Für Spitzenschiedsrichter und die Zuschauer im Stadion oder vor dem Bildschirm dürften darüber hinaus die Änderungen, die den VAR betreffen, von besonderem Interesse sein. Die Liste der Vorgänge, bei denen der VAR eingreifen darf, wurde um drei Situationen erweitert.

Regel 3 – Spieler

→ Spieler, die ausgewechselt werden sollen, müssen in Zukunft das Spielfeld innerhalb von 10 Sekunden verlassen. Die Zeit läuft sobald der Schiedsrichter das Auswechselzeichen gegeben hat oder die Auswechslung mit Hilfe einer Auswechseltafel angezeigt wurde. Braucht der Spieler mehr als 10 Sekunden, darf der Einwechselspieler das Spielfeld nicht unmittelbar betreten, sondern muss, nachdem das Spiel fortgesetzt wurde, eine Minute lang warten. Anschließend darf er in der nächsten Spielunterbrechung das Spielfeld betreten.

→ A-Nationalmannschaften können in Zukunft bei Freundschaftspielen acht Auswechslungen vornehmen. Sollten sich beide Teams einigen, kann die Anzahl der Auswechslungen auf elf erhöht werden.

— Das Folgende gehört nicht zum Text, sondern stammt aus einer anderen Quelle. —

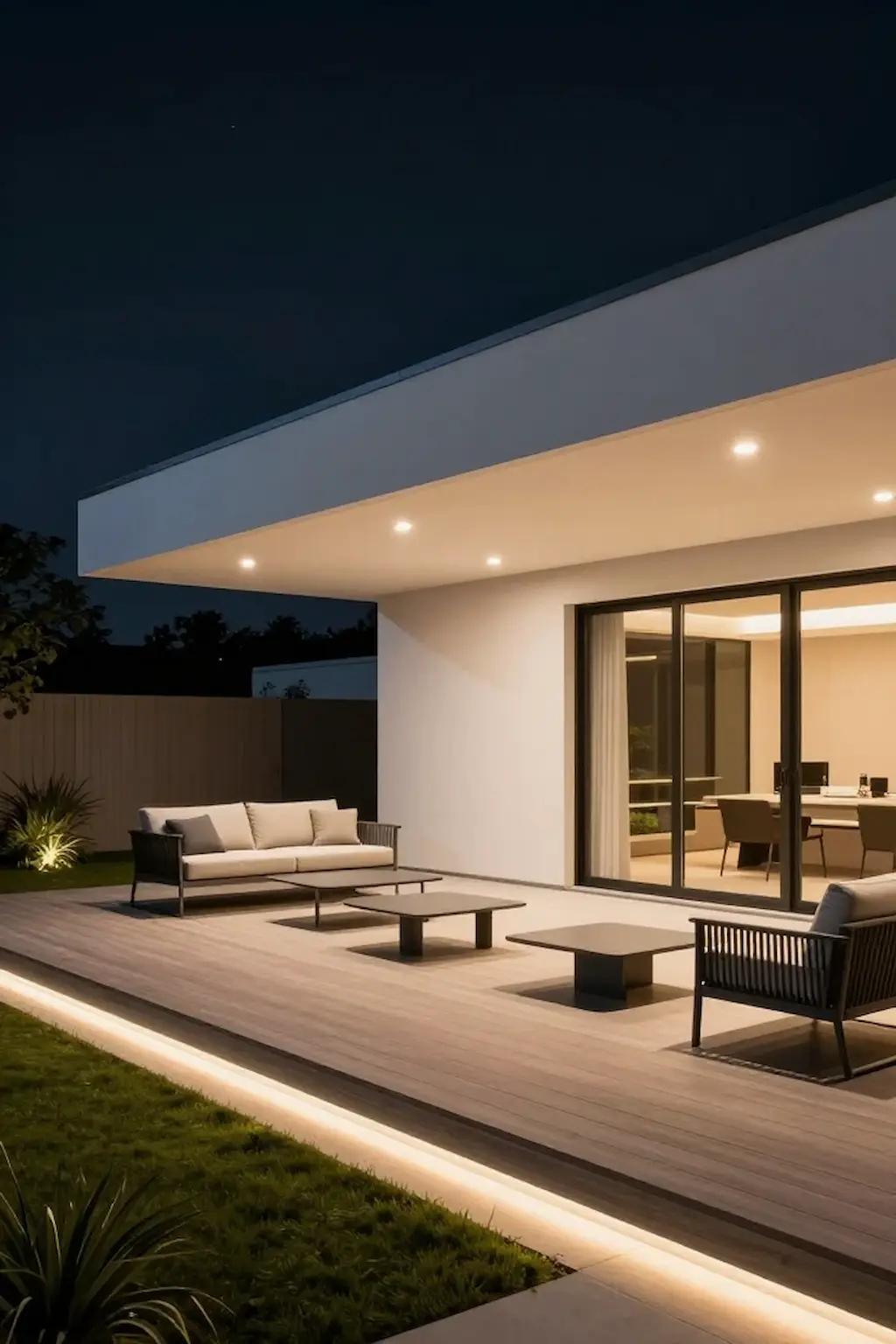 Modern wooden deck featuring built-in recessed lighting for a sleek appearance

Regel 4 – Ausrüstung der Spieler

→ Ungefährliche Gegenstände sind in Zukunft zulässig, sofern sie sicher abgedeckt werden, besagt eine Änderung zur Regel 4. Warum Gegenstände abgedeckt werden müssen, wenn sie ungefährlich sind, erschließt sich mir nicht auf Anhieb. Ich hoffe, hier gibt die IFAB in einer zukünftigen Mitteilung einige Beispiele.


Regel 5 – Schiedsrichter

→ Wenn ein Spieler aufgrund einer Verletzung auf dem Spielfeld untersucht wird oder eine Spielunterbrechung verursacht, muss er das Spielfeld verlassen und nach Wiederaufnahme des Spiels eine Minute lang (laufende Uhr) außerhalb des Spielfelds bleiben.

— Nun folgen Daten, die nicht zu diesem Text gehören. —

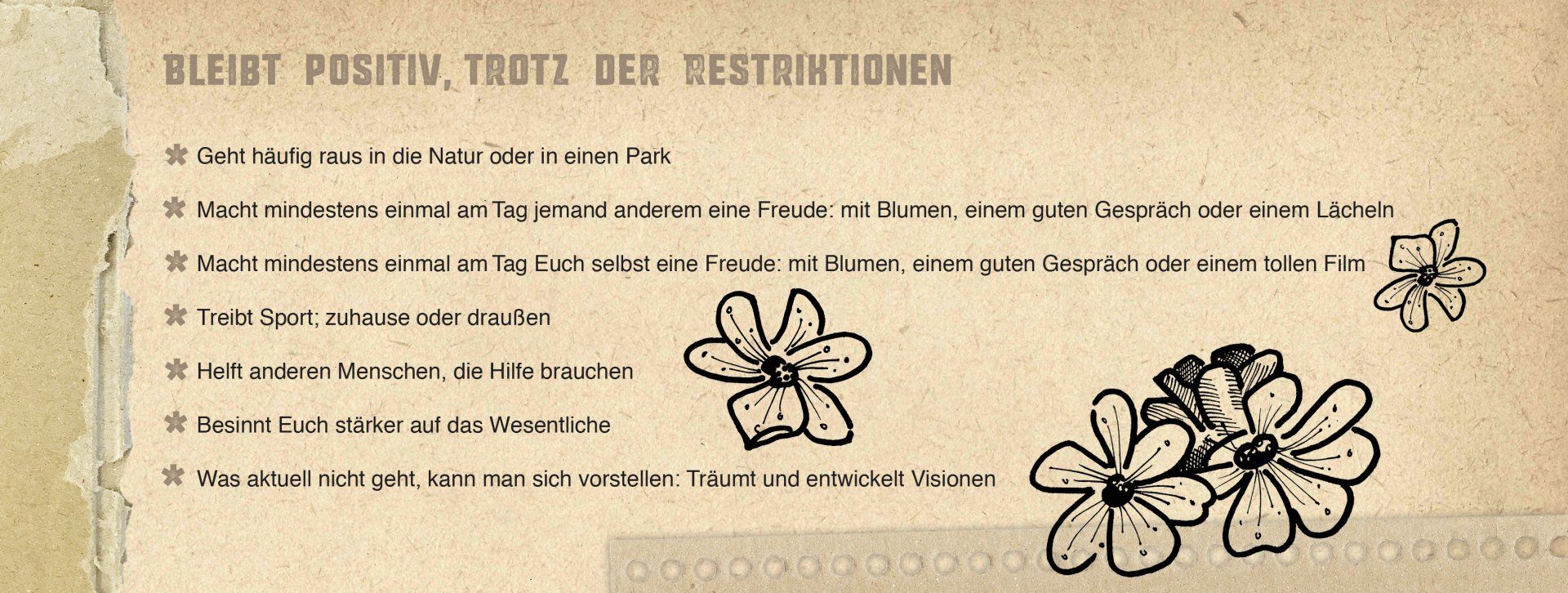 Ansicht einer Grafik eines Kastens mit Tipps für eine positive Stimmung während der Coronakrise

→ Organisatoren von Wettbewerben können in Zukunft ihren Schiedsrichtern das Tragen von Bodycams gestatten. Die Kameras müssen vom Wettbewerbsorganisator zur Verfügung gestellt werden. Die Kontrolle über das Videomaterial hat der Organisator. Die Schiedsrichter dürfen die Kameras entweder an der Brust oder am Kopf befestigen.


Regel 12 – Fouls und sonstiges Fehlverhalten

→ Wenn der Schiedsrichter bei einem möglichen Vereiteln einer offensichtlichen Torchance auf Vorteil entscheidet, wird der fehlbare Spieler nicht verwarnt, wenn danach ein Tor fällt, da das Vergehen den Treffer nicht verhindert hat.


Regel 15 – Einwurf / Regel 16 – Abstoß

→ Wenn der Schiedsrichter den Eindruck hat, dass die Spielfortsetzung bei einem Einwurf oder Abstoß absichtlich verzögert wird, zeigt er einen 5-Sekunden-Countdown an. Wurde das Spiel bis zum Ablauf der 5 Sekunden nicht vorgesetzt, geht der Einwurf auf die gegnerische Mannschaft über, im Fall das Abstoßes bekommt das gegnerische Team einen Eckstoß.


VAR-Protokoll

→ Zusätzlich zu den Situationen, in denen sich der VAR bislang laut Regelwerk einschalten darf, darf der VAR den Schiedsrichtern in Zukunft auch in folgenden Situationen beistehen:

  • Wenn die zweite gelbe Karte, die ein Spieler erhält (und die zu einem Platzverweis führt), unberechtigt ist,
  • wenn der Schiedsrichter sich beim Zeigen einer gelben oder roten Karte nicht nur im Spieler, sondern darüber hinaus auch im Team geirrt hat,
  • sowie, optional für Wettbewerbe, wenn einer Mannschaft ein Eckstoß zu Unrecht zugesprochen wurde und die Überprüfung der Situation ohne Spielverzögerung abgeschlossen werden kann.